Sicilia: 23 maggio 1992, a trent’anni dalla strage il ricordo non basta, bisogna dare l’esempio!
Assistiamo ogni anno alle solite cerimonie, fatte di belle parole, deposizioni di corone d’alloro. E’ successo come dimostrano le foto a Modica, piuttosto che ad Ispica e in altre città della provincia.
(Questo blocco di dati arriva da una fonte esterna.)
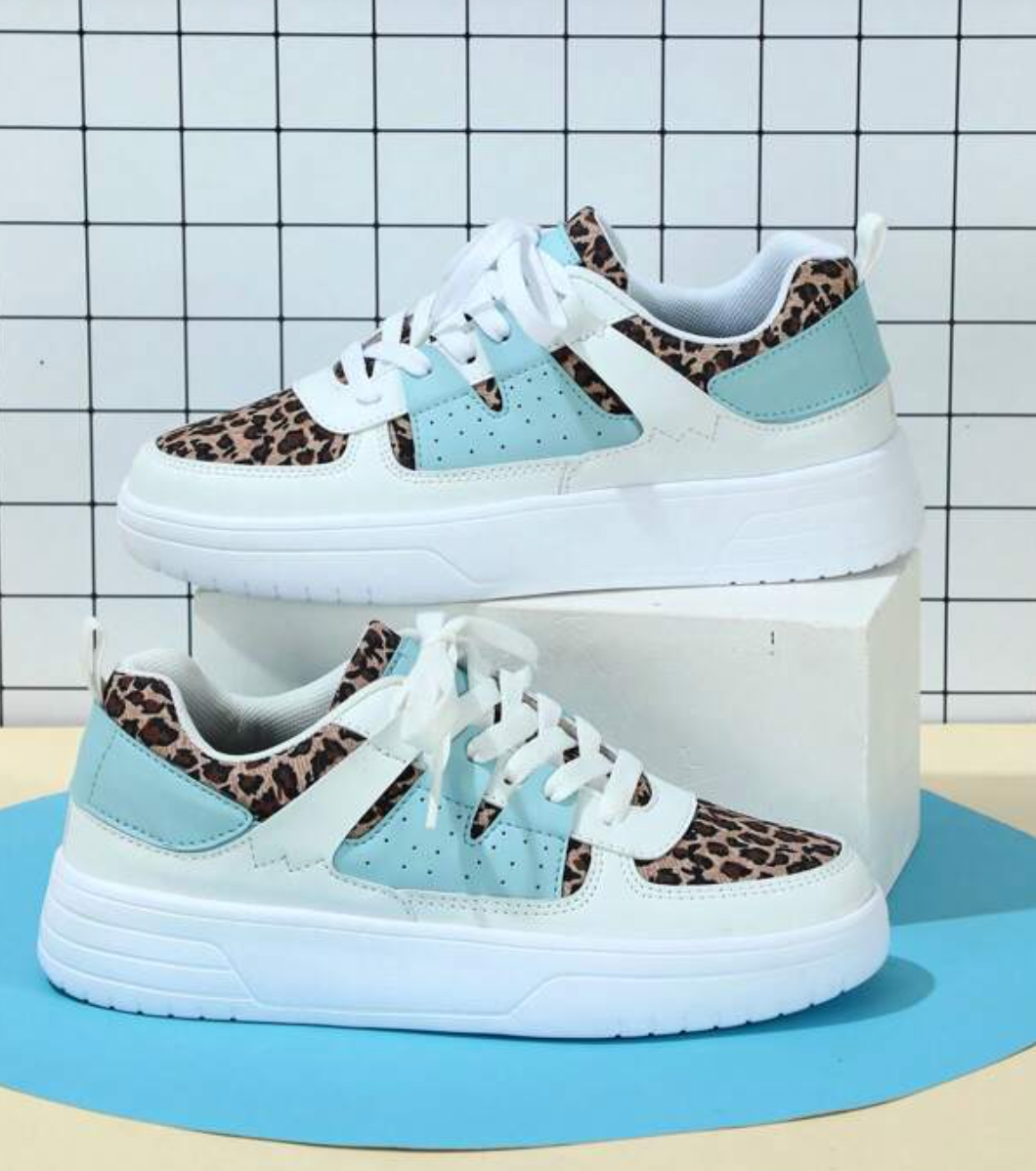 Women's Comfort Sneakers Sporty Design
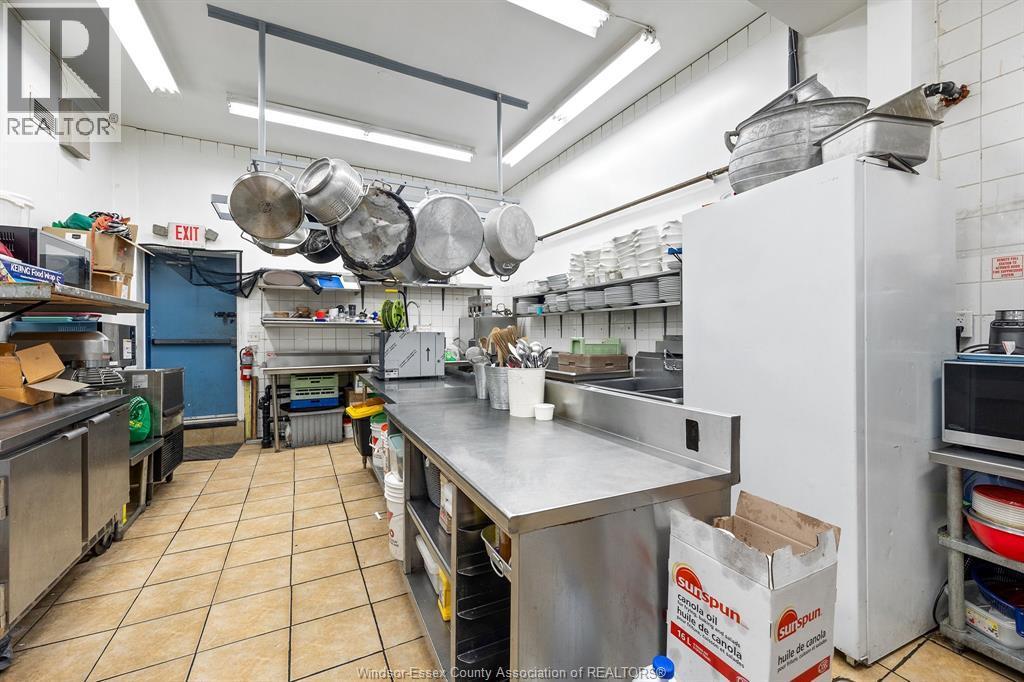 914 Erie Street East, Windsor, ON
Ed è giusto che sia così.
Condividiamo il pensiero del sindaco di Ispica Innocenzo Leontini che scrive: “Onorare la memoria di Falcone è un dovere umano, morale, civico ed istituzionale affinchè il ricordo del suo sacrificio scuota sempre le coscienze e le indirizzi verso la ricerca e la lotta per il giusto, il corretto ed il legale” ma oggi vogliamo andare oltre a queste riflessioni, vogliamo andare oltre alle immagini di deposizioni di fiori, delle parole di circostanza, e vogliamo chiederci a distanza di 30 anni da quel maledetto 23 maggio del 1992 quando persero la vita il giudice Giovanni Falcone la moglie, Francesca Morvillo e tre agenti della scorta, Vito Schifani, Rocco Dicillo, Antonio Montinaro se qualcuno si sia mai fermato a riflettere se tutto questo a loro sarebbe piaciuto, ma soprattutto se tutto questo a loro sarebbe bastato.
Crediamo proprio di no, crediamo che sia giusto non dimenticare, crediamo che sia giusto commemorare ma crediamo fortemente che solo questo non basti e sinceramente ci ha colpito una delle numerose vignette pubblicate oggi in cui il Giudice Falcone dice: “Trent’anni dicono di cercare la verità. Evidentemente non ne sono stati “Capaci”!”
Ed è proprio questa frase che ci fa comprendere come non si possa più continuare a fare queste sceneggiate ma sia necessario che gli amministratori, i politici, a qualsiasi livello, ma anche i giudici inizino a dare l’esempio, a mettere in pratica le belle parole che oggi hanno pronunciato nei loro discorsi ufficiali, altrimenti il rischio è che queste vite spezzate così bruscamente lo siano state inutilmente.
Sappiamo che non è così, sappiamo che qualcosa da quel 23 maggio 1992 è cambiato ma il fatto è che non sembra sia così, e questo è quello che a loro non sarebbe piaciuto.
Perché come diceva il Giudice Falcone “Che le cose siano così, non vuol dire che debbano andare così. Solo che quando si tratta di rimboccarsi le maniche e incominciare a cambiare, vi è un prezzo da pagare, ed è allora che la stragrande maggioranza preferisce lamentarsi piuttosto che fare”
E questa frase rispecchia tutti noi, nessuno escluso, perché è vero che ci lamentiamo che le cose non vanno bene ma quando ci chiedono di cambiarle non lo facciamo perché è più comodo mantenere lo status quo. E’ invece in quel momento che sarebbe importante ricordare questi uomini, ricordare che loro ci hanno dato la possibilità di vivere in un altro modo ma sta a noi la scelta di decidere da che parte stare.
“Se si vuole combattere efficacemente la mafia, diceva Falcone, non dobbiamo trasformarla in un mostro, né pensare che sia una piovra o un cancro. Dobbiamo riconoscere che ci rassomiglia”. Ed infatti sempre Falcone sosteneva che “si può’ avere una mentalità mafiosa senza necessariamente essere dei criminali.”
Ed è questo quello che dovremmo combattere ogni giorno, la mentalità mafiosa di cui siamo circondati e che distrugge la nostra società. Questo oggi è quello che noi proviamo a fare con il nostro lavoro, raccontare la verità delle cose, anche quella più scomoda, quella che sarebbe più facile tacere, e non lo facciamo perché siamo degli eroi, gli eroi sono altri, sono loro, quelli che oggi ricordiamo, ma sono anche le tantissime persone oneste che vivono in questo mondo e che provano a cambiarlo ogni giorno facendo solo il loro dovere.
“Perché, sosteneva il giudice Falcone, una società vada bene, si muova nel progresso, nell’esaltazione dei valori della famiglia, dello spirito, del bene, dell’amicizia, perché prosperi senza contrasti tra i vari consociati, per avviarsi serena nel cammino verso un domani migliore, basta che ognuno faccia il proprio dovere.”